Under discussion is whether two versions are necessary, Pischetsrieder tells Ward's. If the lineup is pared to one size fits all, it will be the longer, more powerful North American entry that will continue.

That leaves more room for a vehicle positioned between the Passat and the Phaeton, an idea Pischetsrieder has not abandoned.

Two years ago, the vehicle envisioned to fill this white space was known as C1, the child of an alliance between Audi AG and Maserati SpA that was to yield a vehicle from the Maserati Quattroporte platform. (See related story: Maserati, Audi Join Forces)

The alliance fell apart and the C1 project was scrapped, Pischetsrieder says. (See related story: VW's C1 Not a Sedan)

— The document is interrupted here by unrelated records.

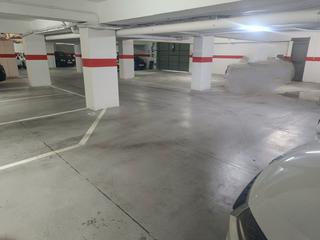 Aparcament cotxe  Carrer robert d'aguiló. Venta plaza parking zona via augusta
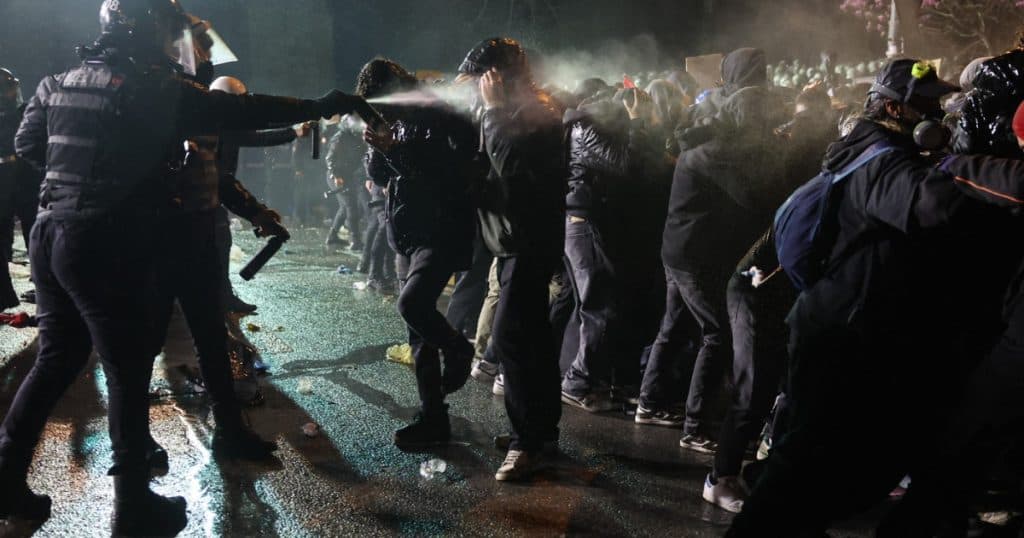 A cincea noapte de proteste masive în Turcia. Forțele de ordine au recurs la gaze lacrimogene, gloanțe de cauciuc și tunuri cu apă.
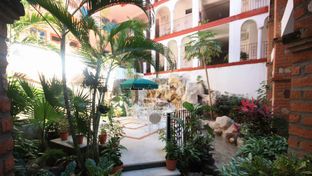 Hotel Encino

But the objective, to close the price gap, is alive in a new project known as the CC. Pischetsrieder does not elaborate, except to say the CC, like the C1, will not be a traditional sedan and will not compete with the Audi A6.

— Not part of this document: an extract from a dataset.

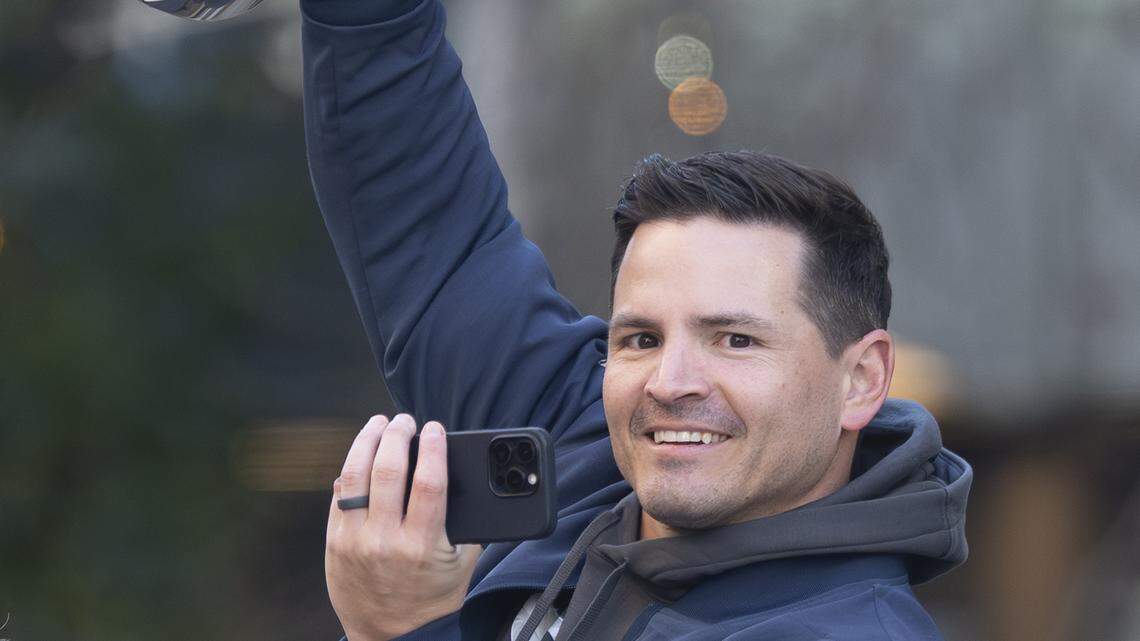 Mike Macdonald changing this offseason for his champion Seahawks. What about RB?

A 4-door coupe is an option, he says. Presumably a coupe/convertible also is under consideration.

Hunt says it also has not been decided which comes first, the CC or the next-generation Phaeton.

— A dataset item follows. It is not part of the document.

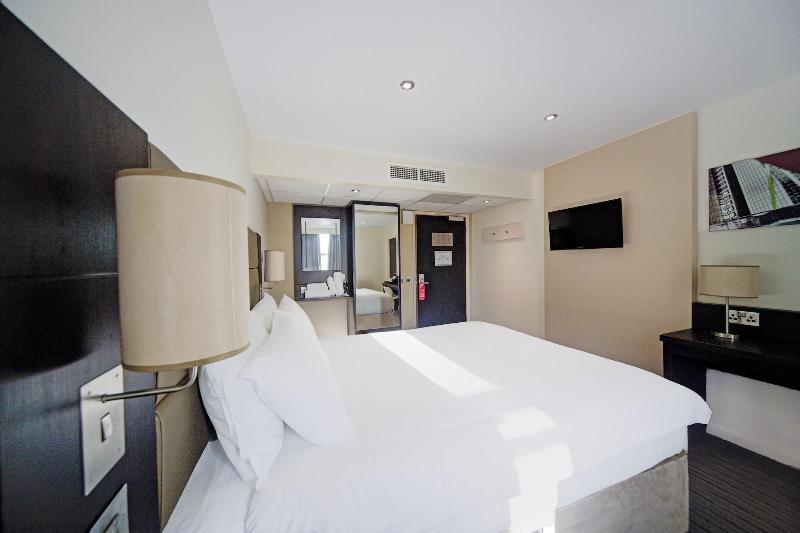 Silurian Hotel image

Meanwhile, slow Phaeton sales are not the fault of the product nor is it a U.S.-market problem, Pischetsrieder says. He lays blame at the feet of VW and its inability to meet the expectations of the new customers the luxury vehicle attracted.

“It is certainly not a product issue, because the customer satisfaction with the Phaeton in the segment in Europe is higher than any competitor,” he says.

Bernhard says customers were asked whether the Phaeton supports the brand or hurts it. They answered that it imbues status on the lineup. When the new Passat was introduced in Europe, “some people said it looks and drives like a mini Phaeton,” Bernhard says.

Hunt says the Phaeton also showcases VW's technical prowess, creating the expectation some of the technology will trickle down into other models.

“The answer is very clear,” Bernhard says. “It supports the brand. However, it's a hell of a job to sell those vehicles in high numbers.”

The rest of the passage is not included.